Speaking about the writing process, Harmon explained: “I want to scream at my computer: ‘You idiots, we all write the show together!’ If you can tell the difference between one writer and another on a show I’m running I’ve probably gotten so lazy that it hasn’t all been blended and refined in the usual process.

“The reason one person’s name goes on an episode is that someone has to and everyone deserves one of those times at bat where they have to do all the grunt work – they have to do all the outlining, sometimes, if they’re willing to, they can expand into the post-production process. There’s a bunch of reasons why we don’t accurately reflect how many writers contribute to each episode.”

A quick Twitter search finds references to Becker, Carbiener, Gao and Rosbe as having “ruined” the show, with one writing: “I still love Rick & Morty but rewatching season 1 made me realise the new season isn’t as good & it’s most likely due to the new female writers.”

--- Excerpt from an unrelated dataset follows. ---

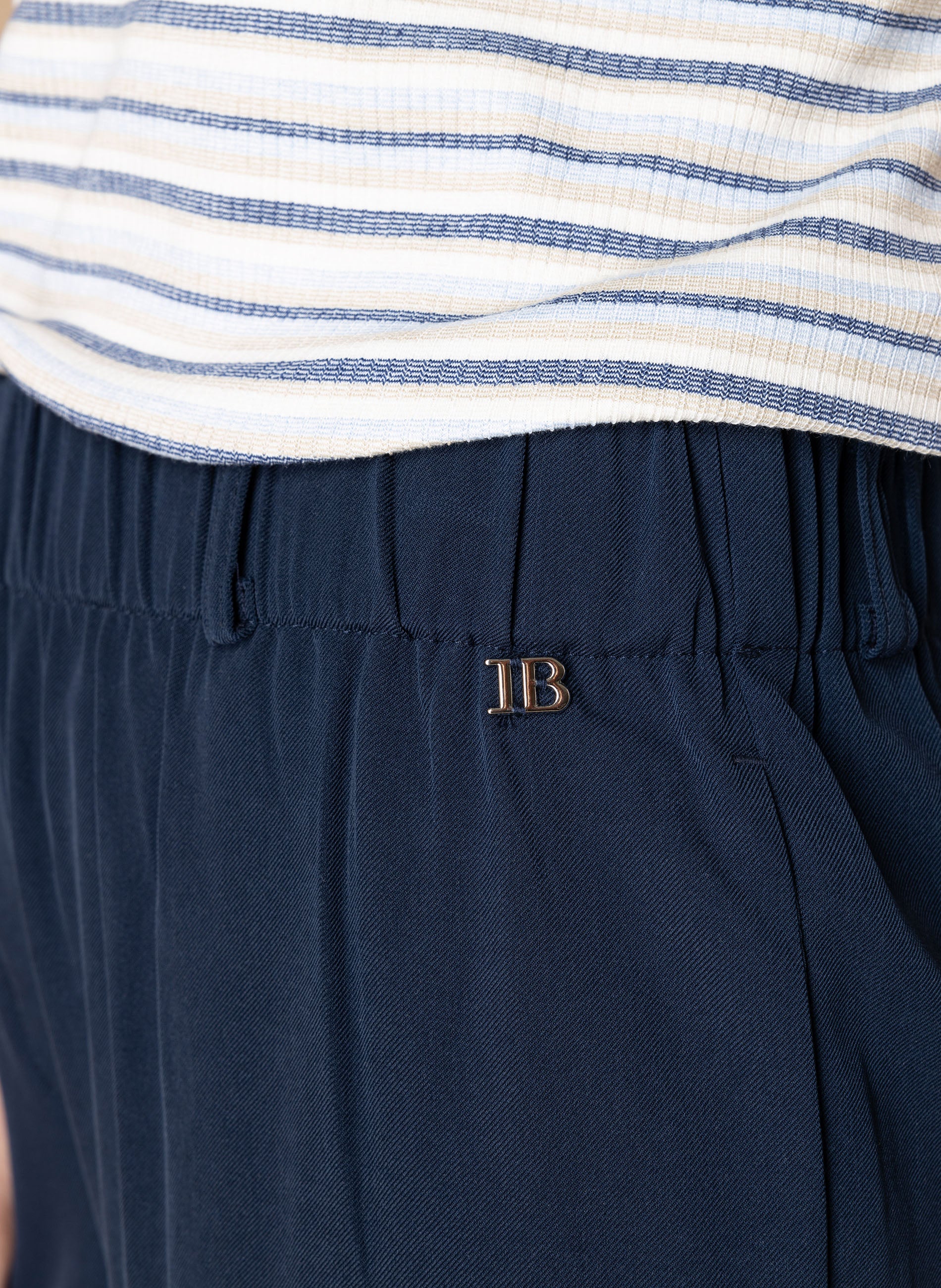Tresa | Blue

Another said: “Wow, Glad Rick & Morty HAD to hire super awful female ‘comedy’ writers to hit quota. This is a VERY obvious decline in writing.”

While one went full-on Comic Book Guy: “The Rick and Morty episodes with credited female writers were the worst ones they've made yet.”

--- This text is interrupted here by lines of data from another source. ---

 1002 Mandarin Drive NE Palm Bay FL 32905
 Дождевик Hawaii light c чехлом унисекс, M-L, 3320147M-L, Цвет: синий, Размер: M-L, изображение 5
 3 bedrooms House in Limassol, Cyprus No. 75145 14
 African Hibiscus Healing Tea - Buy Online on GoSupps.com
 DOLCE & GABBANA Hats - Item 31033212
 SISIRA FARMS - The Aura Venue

Harmon told Entertainment Weekly he became aware of a Reddit thread condemning the abuse, which reportedly included threats and hate mail, and had seen some of the messages sent to writers.

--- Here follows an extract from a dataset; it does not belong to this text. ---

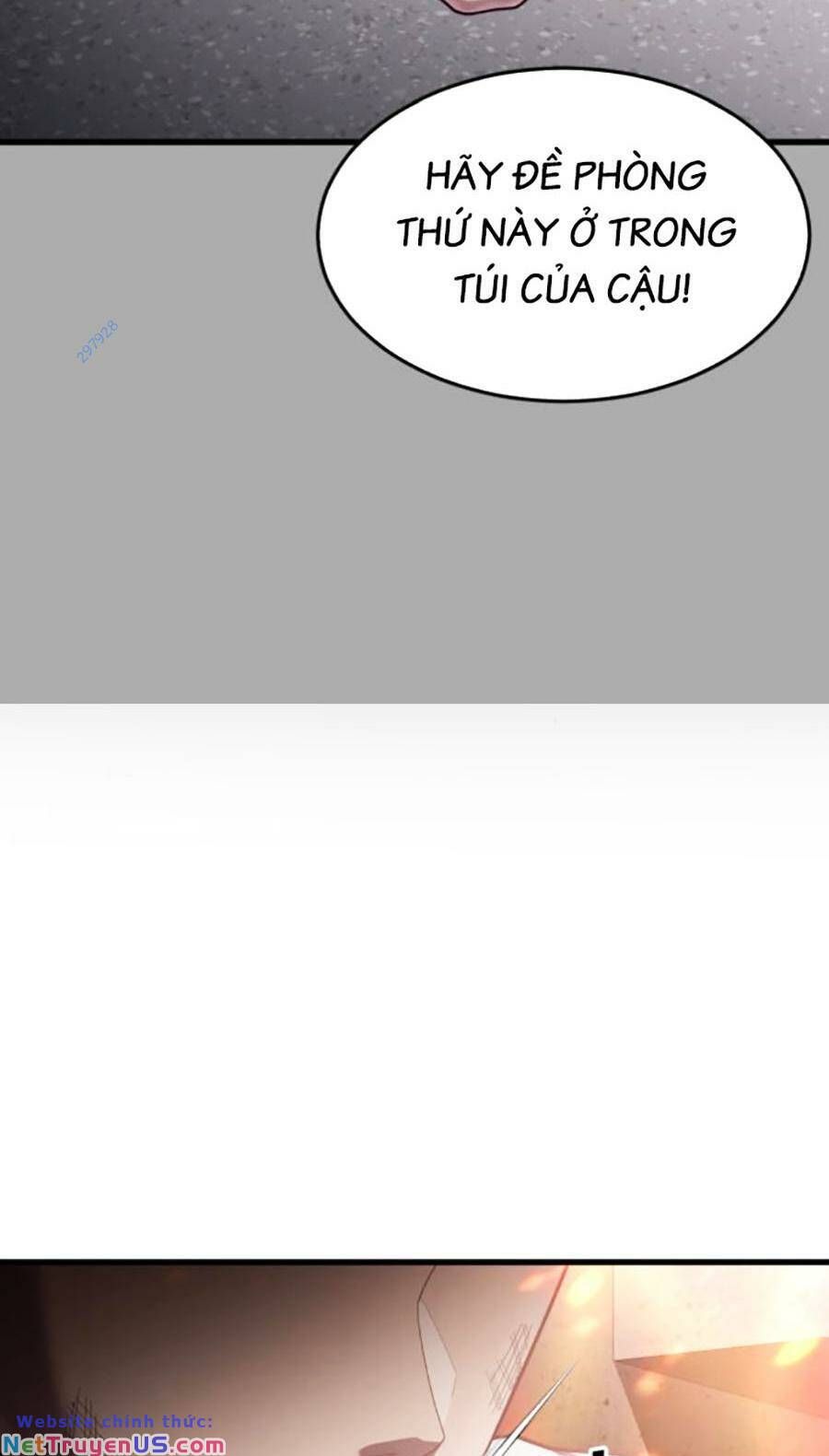 đọc truyện Tên Vâng Lời Tuyệt Đối Chương 72 ảnh 27 tại Thiên Thai Truyện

Gao, also the first female writer to be employed by Adult Swim’s Robot Chicken, told The Hollywood Reporter in August that finding a 50/50 writing room was “incredibly rare, unfortunately”, adding: “More often than not, I’m the only woman in the room or the only person of colour – or I’m both.

“So, having a balanced room just makes things a lot easier for women in the sense that you feel you can pitch things and someone else will understand you.”



Though Gao pointed out that having women writers brought “nuance” to the storylines, given the female experience is obviously very different to men’s, Carbiener also said they didn’t feel the female characters of Summer and Beth had previously been sidelined.

“I don’t think they ever didn’t give Summer and Beth their due,” she said. “I think a lot of guys in the room were driving those conversations because they realised we need to tell more of these stories, and now that there are women in the room we can vet them and make them better.

“It wasn’t like we showed up and said, ‘Where are all the Beth episodes?'’”

Rosbe added: “There was probably a slightly more nuanced take on some of them.”

In an interview with thedailybeast.com, Harmon expanded on what he felt women brought to the writing room: “It meant that both the men and the women could increase their attention on Beth and Summer.

“Previous to that, as quote-unquote decent gentlemen in an all-male writer’s room, if we talked about Summer, [...] propriety and craftsmanship made us second-guess ourselves whenever we’d say, “Uh, I don’t know, is that how teenage girls work?” When you have a mixed room, it’s not about the women going, “Here’s a bunch of secrets about women.” It’s more about everyone being freer to just pitch randomness. So the result is you see cool stuff happen with Beth and Summer this season.”

And in The Hollywood Reporter interview, all agreed that there were no issues fitting in with the all-male team.

“I think there was a bit of attention on it,” Becker told the publication. “They hadn’t had female writers before. It was absolutely natural. It wasn’t like, ‘Hey guys, we’ve got women in the room so we can’t do what we normally do, wink-wink.’ There was no pushback. There was no weirdness.”

It has been noted that Adult Swim does not have any female showrunners, and last year network executive Mike Lazzo attempted to clarify a report that he’d said women in writing rooms cause conflict.

He apologised for his “dumb” words but simultaneously doubled down on sexist sentiment, saying: “What I actually said was women don’t tend to like conflict, comedy often comes from conflict, so that’s probably why we (or others) have so few female projects.”